Home > Tech > Content

Deploying a Chinese-Optimized VITS2 Model on Windows

Tech Apr 14 20

This guide details the setup process for a Chinese-optimized VITS2 model on a Windows 11 system with an NVIDIA 2080 Ti GPU. The process involves environment configuration, model acquisition, dataset preparation, and training execution.

Environment Setup

A Python 3.9 environment is recommended to avoid dependency conflicts. After setting up the enviroment, install PyTorch from the official website, selecting the appropriate command for your CUDA version.

Note on PyTorch Installation: If you encounter a TBB-related error during PyTorch installation, deactivate your Conda environment and run conda uninstall TBB before retrying.

Install FFmpeg and other project dependencies:

pip install FFmpeg
pip install -r requirements.txt

Ensure all packages install without errors.

Model Acquisition

Clone the target repository. Within the project directory, create a new folder under Data/ (e.g., MySpeaker). Inside this folder, create the following subdirectories: configs, models, raw, and wavs. Copy the config.json file from the project's root config folder into your new configs directory.

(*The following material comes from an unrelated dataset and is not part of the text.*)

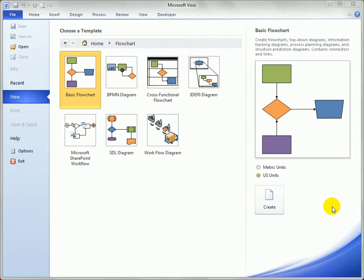Visio 2010 offers quite a few different possibilities for linking the shapes in your connected diagrams together with connectors. Let's take a moment and look at a few of those ways — some of the more common ways that you're likely to use. We'll start with a basic flowchart.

Download the required pre-trained models. Since Hugging Face may be inaccessible, use a mirror by replacing huggingface.co with hf-mirror.com in the download URLs. Replace MySpeaker with your folder name.

# Download BERT model
wget -P bert/Erlangshen-MegatronBert-1.3B-Chinese/ https://hf-mirror.com/IDEA-CCNL/Erlangshen-MegatronBert-1.3B/resolve/main/pytorch_model.bin

# Download WavLM model
wget -P slm/wavlm-base-plus/ https://hf-mirror.com/microsoft/wavlm-base-plus/resolve/main/pytorch_model.bin

# Download emotion models
wget -P emotional/clap-htsat-fused/ https://hf-mirror.com/laion/clap-htsat-fused/resolve/main/pytorch_model.bin
wget -P emotional/wav2vec2-large-robust-12-ft-emotion-msp-dim/ https://hf-mirror.com/audeering/wav2vec2-large-robust-12-ft-emotion-msp-dim/resolve/main/pytorch_model.bin

# Download pre-trained VITS2 checkpoints
wget -P Data/MySpeaker/models/ https://hf-mirror.com/v3ucn/Bert-vits2-Extra-Pretrained_models/resolve/main/D_0.pth
wget -P Data/MySpeaker/models/ https://hf-mirror.com/v3ucn/Bert-vits2-Extra-Pretrained_models/resolve/main/G_0.pth
wget -P Data/MySpeaker/models/ https://hf-mirror.com/v3ucn/Bert-vits2-Extra-Pretrained_models/resolve/main/WD_0.pth

Configuration

Modify two key configuration files: config.yml in the project root and config.json in your Data/MySpeaker/configs/ folder.

In config.yml:

Set dataset_path to your data folder (e.g., "./Data/MySpeaker").
Adjust train_ms.num_workers based on your CPU cores (e.g., 4).
Verify in_dir and out_dir paths.
Set the webui.model path to your target generator checkpoint (e.g., "models/G_10050.pth").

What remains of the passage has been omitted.